Find the line containing "The advantage of", then print it and each line after it through the end of the listing exactly, with no pictures.

MATERIAL PROVIDED:
————————
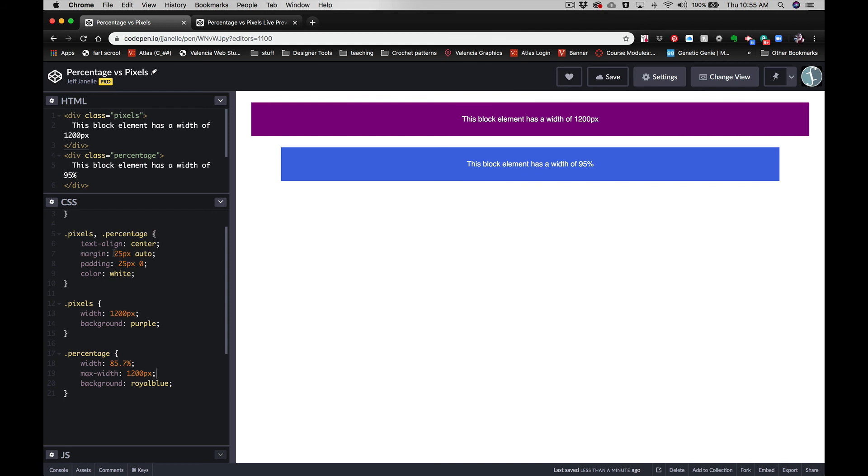First step of doing responsive design is make sure that you are using percentage values as often as possible.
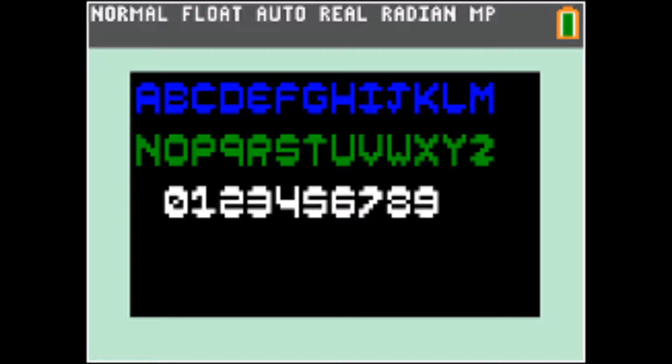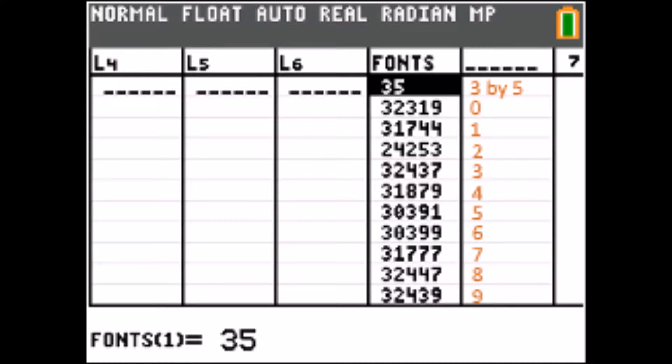The advantage of a font over an image is that the font has no color, so we can simply store ones and zeros. This means that in one index of a list we can store a character that has a maximum of 46 pixels.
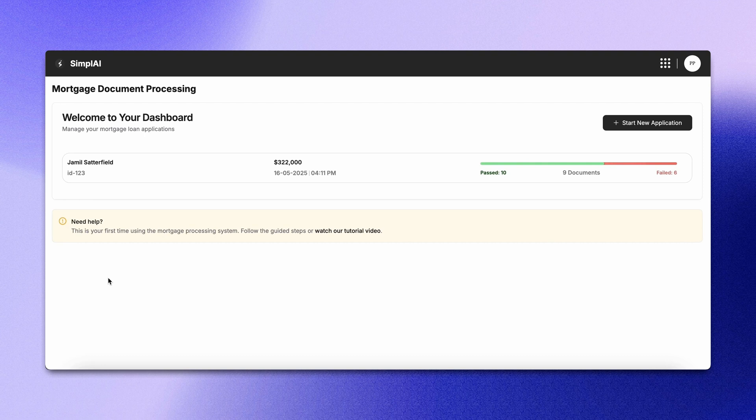Mortgage processing is reimagined as an agentic flow from document intake to transparent decision making. Let AI handle the heavy lifting so your team can focus on closing deals.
————————
REPLY TO THE EXERCISE:
The advantage of a font over an image is that the font has no color, so we can simply store ones and zeros. This means that in one index of a list we can store a character that has a maximum of 46 pixels.
Mortgage processing is reimagined as an agentic flow from document intake to transparent decision making. Let AI handle the heavy lifting so your team can focus on closing deals.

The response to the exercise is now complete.